Mark Millar, the visionary behind such comics as The Ultimates and Superior, has a real gripe with digital comics. The scribe penned his discontent earlier today in an open message to the industry and media. Retrieved by the kind folks over at CBR, here are some of the juiciest tidbits:

“I think digital could be a useful tool, but I’m increasingly concerned for friends in retail that they’re going to get shafted here,” the writer explained. “I really think day and date release is a disastrous idea and makes no economic sense at all to comics as a business. It’s potentially ruinous for comic stores, and in the long term it’s not going to do publishers any favors either. I see the attraction on a very superficial level.
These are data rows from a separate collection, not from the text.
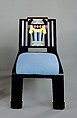 "Sheraton" Chair (model no. 664), Robert Venturi  American, Molded plywood, printed plastic laminate, rubber, upholstery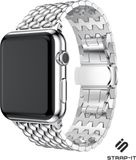 Strap-it Apple Watch stalen draak bandje - zilver - 38mm & 40mm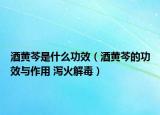 酒黄芩是什么功效（酒黄芩的功效与作用 泻火解毒）
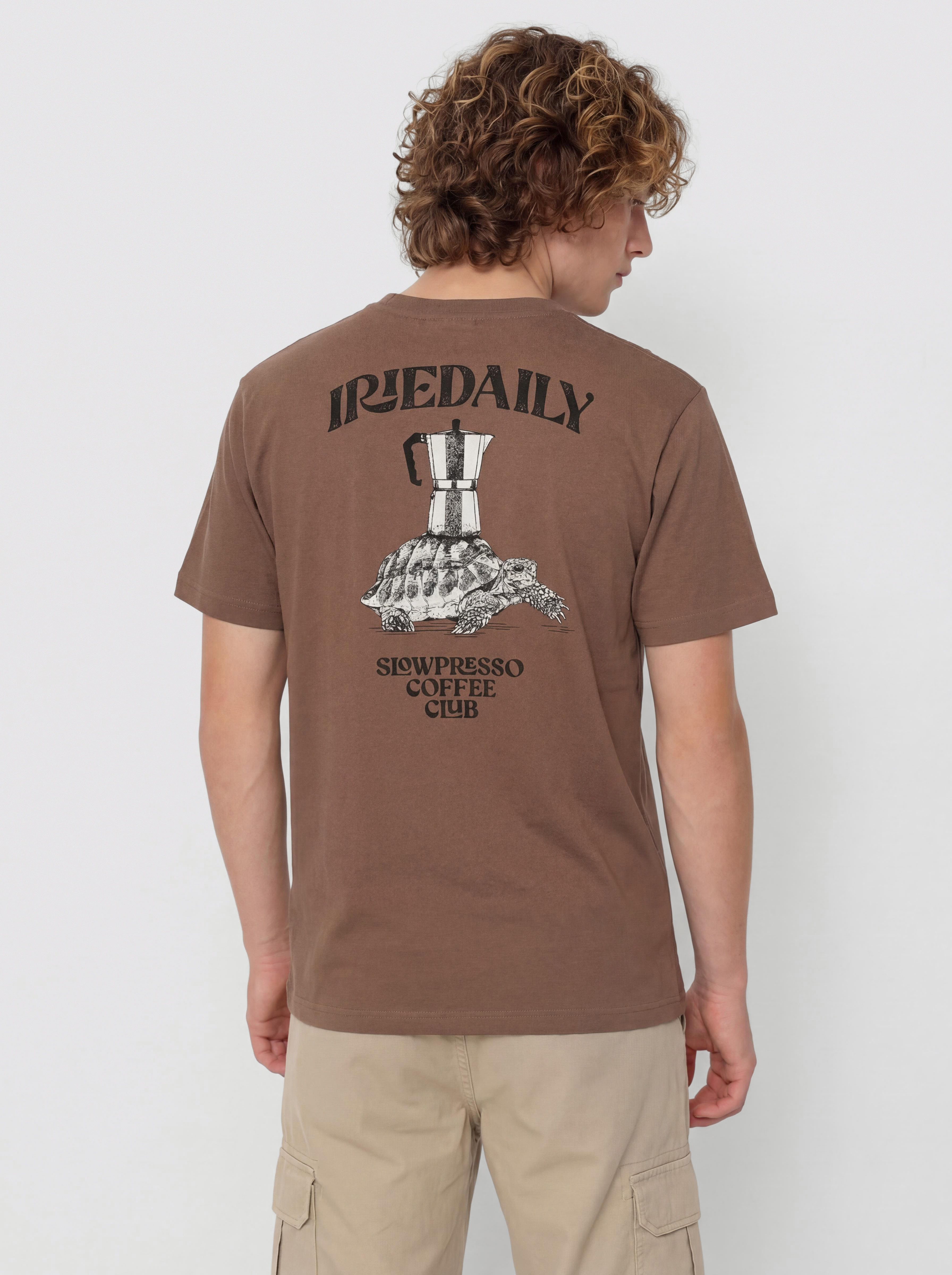 Тениска Iriedaily Slowpresso (mocca)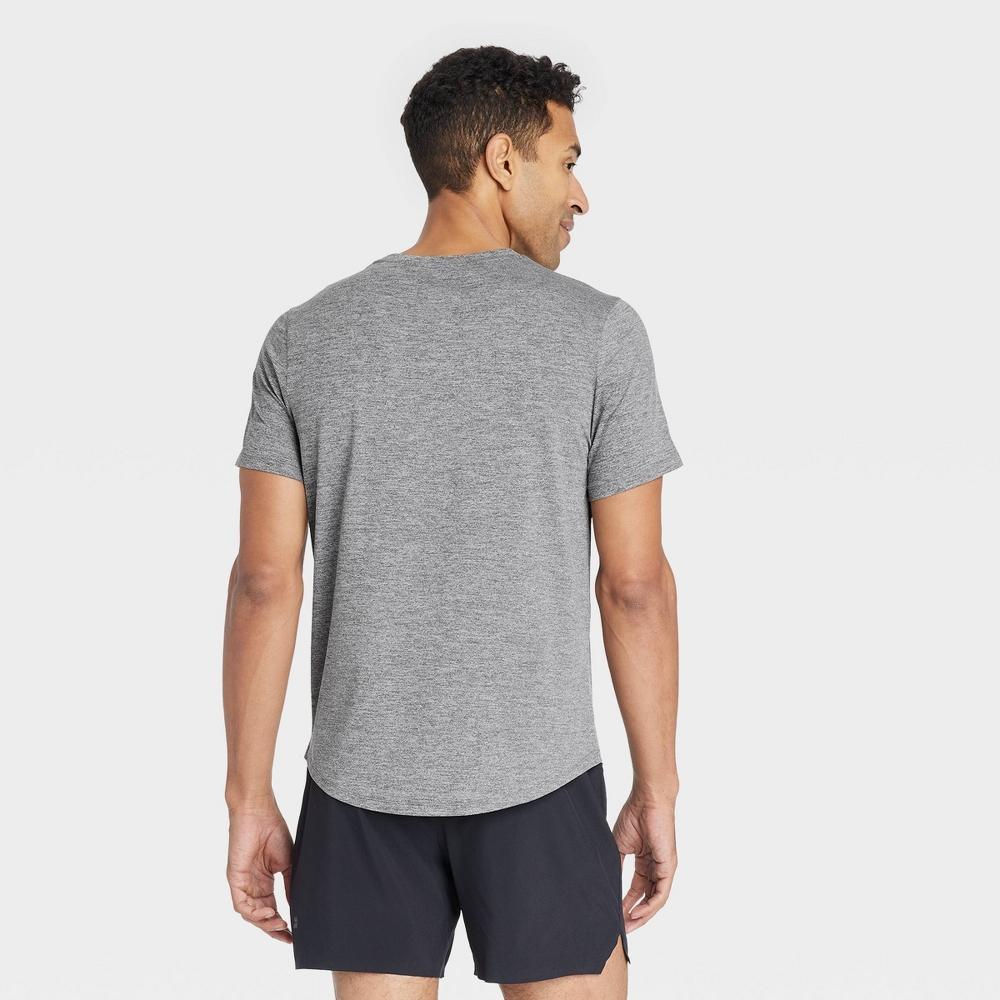 Mens Short Sleeve Soft Stretch T-Shirt - All In Motion Heathered M Product Image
They think they’re cutting out the middle men and all the guys taking a piece of their gross, but there’s an equivalent number of hidden costs in digital too, and it’s short term thinking to obliterate the life-blood of the medium. Retailers are as big a part of comics now as the characters or the creators. They’re not just an outlet. These are carefully crafted communities and owned and staffed by people with a genuine passion for what they’re doing in a way that the ‘Amazon Also Recommends’ box isn’t quite going to match. I’ve got an awful lot of friends on the retail side and so many of them are hanging on by their finger-nails right now. Even a five or ten percent dip could be enough to put huge numbers of comic stores out of business. I know two huge American retailers, like really famous stores, in this position, and once they’re gone these guys are gone forever. Retailers stuck with us through the ’70s collapse and the ’90s post-speculator boom. Shouldn’t we be showing them a little loyalty now? Everything from the chair I’m sitting in to the keyboard I’m typing on has been paid for by royalties that retailers have made me, so I feel quite passionately about this

Is Millar right? Should publishers take a more active role in supporting their retailers? We’ve all seen the numbers folks…comics are once again on the decline. Even with the timely success of DC‘s New 52, the market continues to shrink. Trade paper-back and digital copies are thought to be the safe haven of comic creativity…but what if they destroy the need for original works?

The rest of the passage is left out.